Could you retype the lines below, starting at the line holding "Интерактивные курсы. Обществознание" and stopping at the line holding "Matriz del Momentum", inclusive? Copy them exactly and drop the images.

Top of Source material

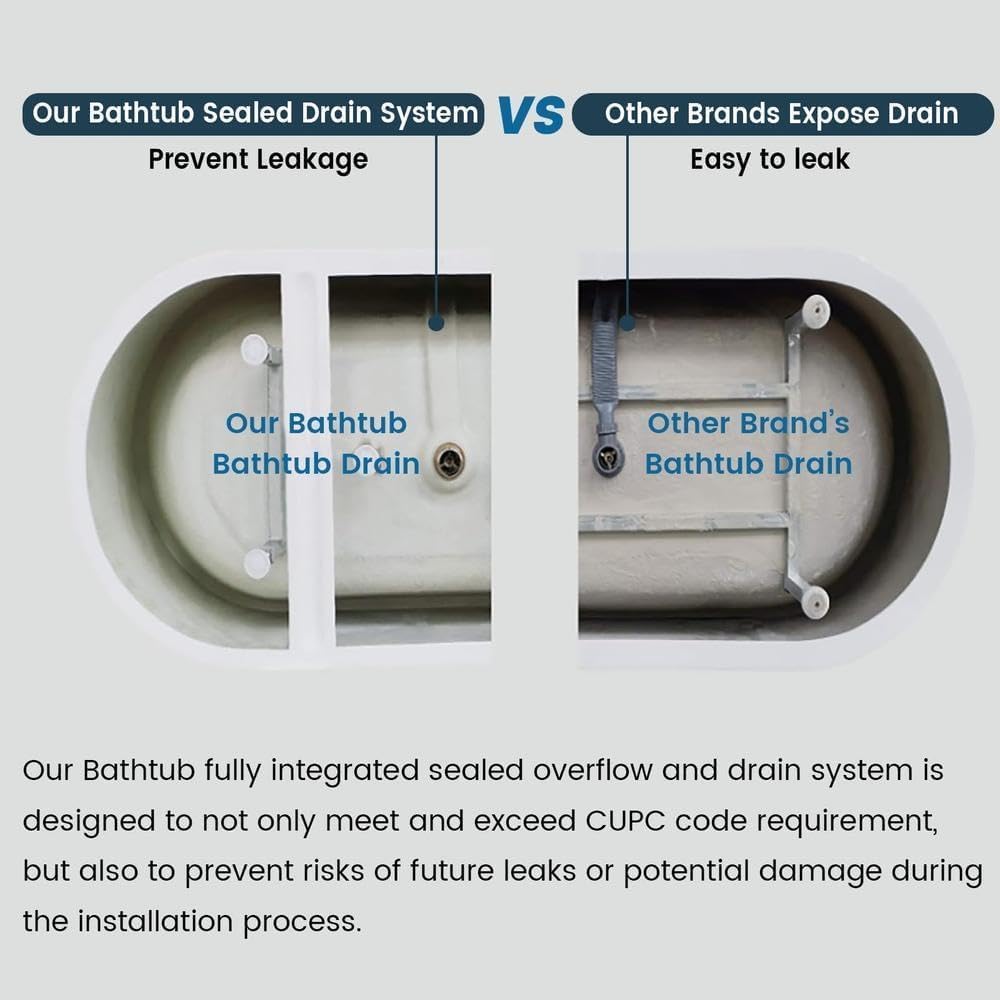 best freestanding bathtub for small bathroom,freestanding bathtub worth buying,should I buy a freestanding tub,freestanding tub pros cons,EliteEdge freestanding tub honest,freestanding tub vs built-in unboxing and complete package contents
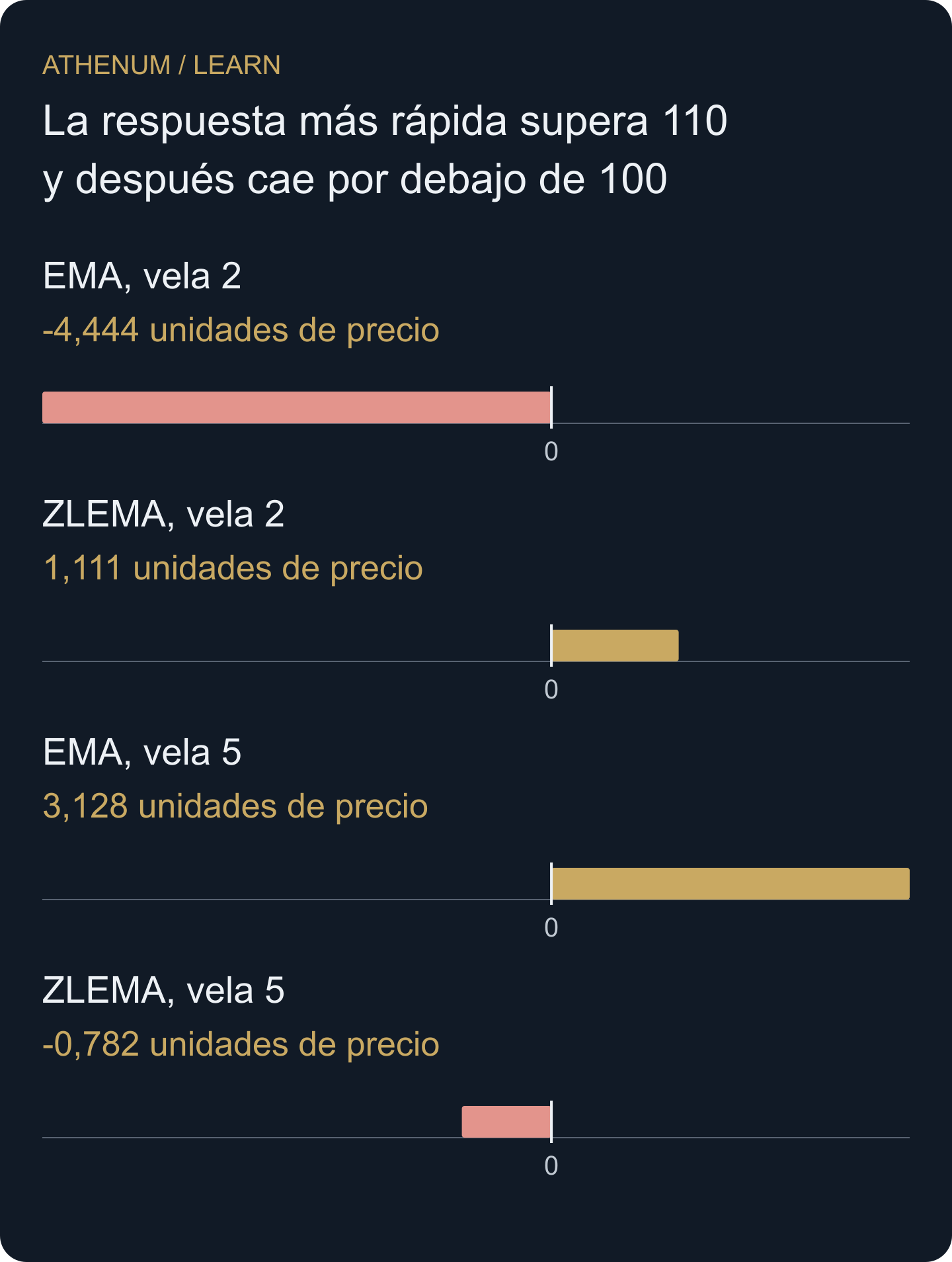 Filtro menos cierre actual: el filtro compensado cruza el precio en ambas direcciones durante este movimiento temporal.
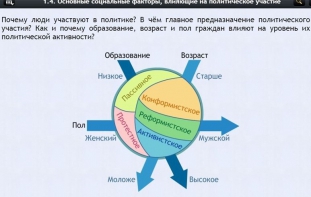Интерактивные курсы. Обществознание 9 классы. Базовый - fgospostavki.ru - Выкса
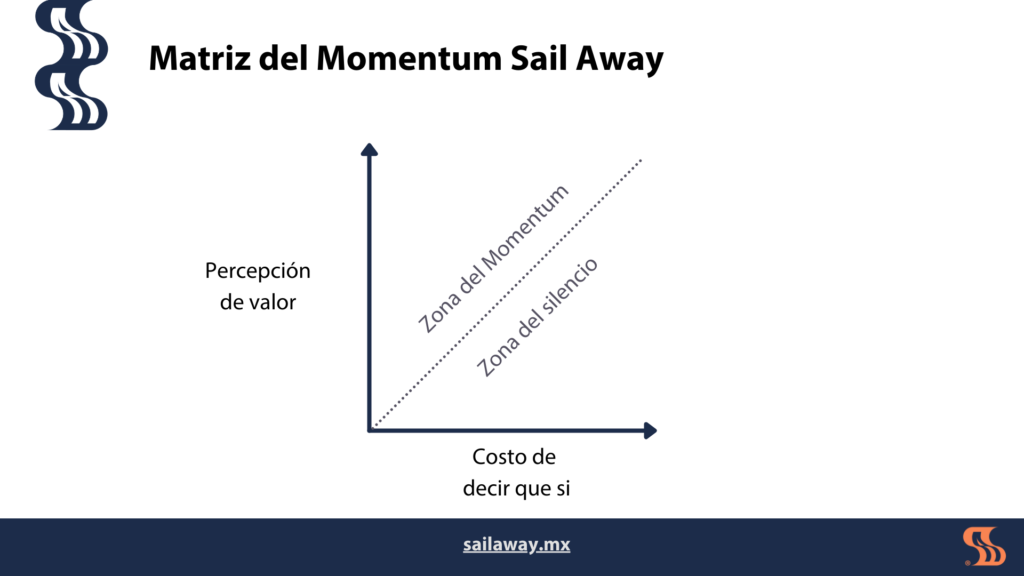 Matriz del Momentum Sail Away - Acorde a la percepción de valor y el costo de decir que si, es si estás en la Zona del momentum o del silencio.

Bottom of Source material
Top of Source material

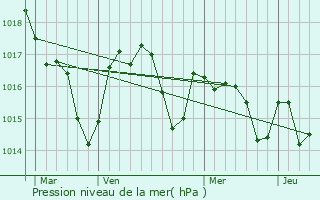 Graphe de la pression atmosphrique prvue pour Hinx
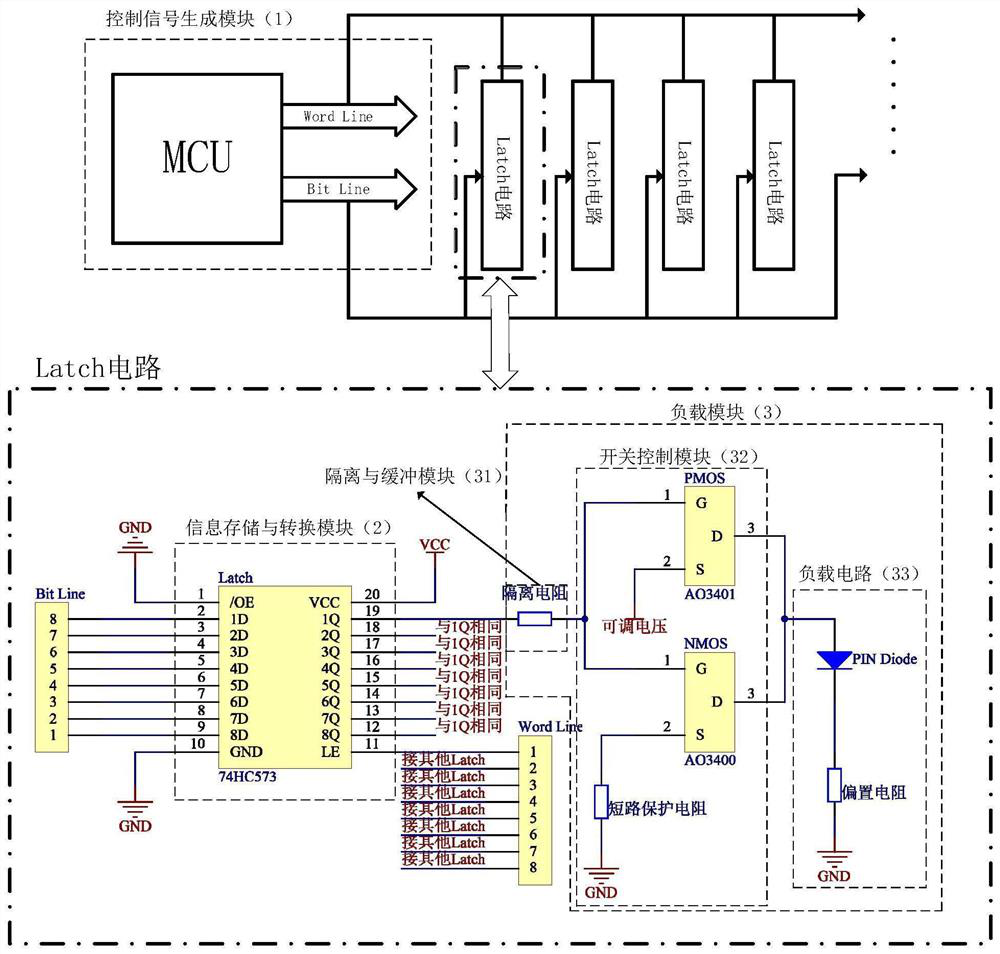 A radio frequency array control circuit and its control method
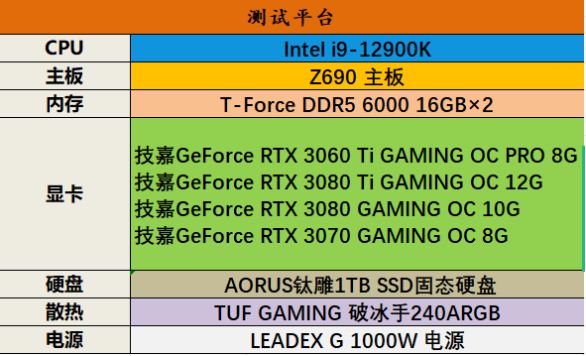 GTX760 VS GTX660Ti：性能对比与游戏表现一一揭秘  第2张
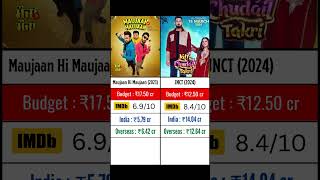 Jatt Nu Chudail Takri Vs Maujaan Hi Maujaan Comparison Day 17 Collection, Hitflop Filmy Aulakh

Bottom of Source material

* **Response box**
Интерактивные курсы. Обществознание 9 классы. Базовый - fgospostavki.ru - Выкса
 Matriz del Momentum Sail Away - Acorde a la percepción de valor y el costo de decir que si, es si estás en la Zona del momentum o del silencio.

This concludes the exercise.